What complexity class is Bitcoin's proof-of-work (hashcash) in?

9

8

To formulate this question precisely, I will define an idealized hypothetical "perfect" hash function H(n) which has nice scalability properties, and will formulate a problem PERFECT HASHCASH in terms of that, understanding that practical considerations may end up yielding only an approximation of this ideal.

To keep it simple, we will say that our hash function H(n) takes as input a single natural number n. Then we say that H(n) is a perfect hash function iff:

  1. H(n) maps each natural number to an infinite binary sequence, of which the time complexity to compute any initial segment s is polynomial in the size of n and s, (making it a sponge function).
  2. For any initial segment of length d, the set of all natural numbers n such that H(n) shares that initial segment has natural density = 1/(2^d).

The first thing formalizes the scalability of our function, and the second thing formalizes the idea that we want all hashes to appear roughly "equally often" as an output. Other than that, our perfect hash function is a black box, and we don't care much about exactly how it works, so long as it meets the above properties, as well as the usual desiderata applying to hash functions (easy to compute, hard to invert, hard to find collisions, etc).
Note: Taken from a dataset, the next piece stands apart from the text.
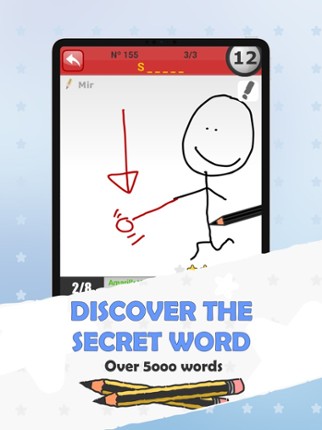 Pinturillo 2 - Draw & guess screenshot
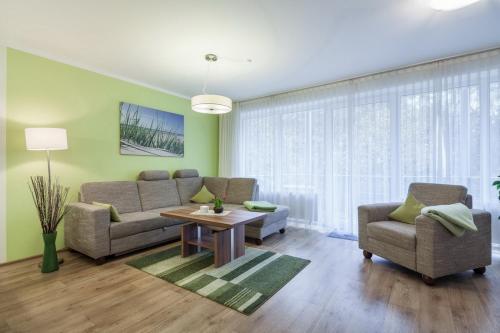 Residenz Seestern Residenz Seestern 2 31 — 4-Star Luxury Hotel in Ostseebad Boltenhagen, Germany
Predicated on the assumption that a perfect hash function exists, we can now define the problem PERFECT HASHCASH as follows: PERFECT HASHCASH takes as input a perfect hash function H, a natural number n, and an all-zeroes vector 0^d of length d, which can be thought of as a unary representation of d. A solution to PERFECT HASHCASH consists of an n and d such that H(n) starts with 0^d.

Given those inputs, it is clear that PERFECT HASHCASH is in the complexity class TFNP, since this is a function problem and a solution is guaranteed to exist.

Can we also identify PERFECT HASHCASH as a member of any complexity class finer than TFNP?

Could it perhaps be in PPP? PPA? PPAD? Something else?

For background, see Complexity class on Wikipedia.


EDIT: the above question has been overhauled, as in the way that I originally formulated it I assumed that SHA256 is what I'm now calling a perfect hash function. Many people have noted in the comments that this may not be true, so rather than place the emphasis in this question on whether SHA256 specifically has the nice scaling properties we want, I defined an idealized hash function that we hope SHA256 at least approximates nicely enough for real-world purposes, and rephrased the question in terms of that.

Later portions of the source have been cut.